At the moment, my Ugly Monster is raising its head from :
The cold. It’s getting into my bones and muscles, feeling like someone’s poured concrete down my spine. It’s actually not that much worse than normal, except that I’m feeling it more due to not having that hyperactivity to let me blast through it.
Feeling lonely.
It’s that loneliness that is really biting at the moment. I have great friends, like the Snow Queen, Craziequeen, BK, half the people on my Facebook, CK, BD & RCA. Trouble is, when I’m needing to reach out to them, I’m usually picking the wrong time. It’s hard to have a heart to heart in work time. People are busy. (Including me !)
What I need is the chance to talk with someone until we’re literally falling asleep. Bit like the original intention for 03.45am No Sleep, talking with friends until it’s so late you can’t stop your eyes closing. There’s stuff I’d need to talk about that are too private to be put here. However, there’s also me finding it difficult to talk to people about what I feel. I’d need absolute trust and confidence in secrets to talk about some of it. I must look a rather different person outside the happy smiling armour I habitually keep up.

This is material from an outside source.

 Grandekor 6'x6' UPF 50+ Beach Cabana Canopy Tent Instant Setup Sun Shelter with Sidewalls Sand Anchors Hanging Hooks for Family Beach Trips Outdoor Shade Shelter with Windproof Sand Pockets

I’ve not let that armour down to allow those emotions to be released for a Very Long Time now (even in my last serious relationship I was walling off). I guess I’ve just been single too long now and in need of more hugs.
There’s also a touch of being frustrated in helping people. I know there’s a few of my friends who could do with similarly opening their armour and unburdening those pent up emotions or just being able to talk through their situation to someone who can offer a soft shoulder and a willing ear … but the frustration is in not being let in to offer the help. I’m wanting to help – I just don’t know how.
Going back to the cold, here’s another Calvin & Hobbes scene :
We’re threatened with snow tonight, which could make it interesting to get into work tomorrow. When it snowed a few years ago, I was one of the few who made it in. It was seriously tempting to do a snow scene like the one above, except instead of salutes there would have been branches like the rifles of a firing squad. On the other side, there would have been a single snowman with a blindfold.
Woulda been hilarious. Like the rest of the Calvin & Hobbes strips done by Bill Watterson who is an absolute genius. Sadly there’s no more Calvin & Hobbes being made.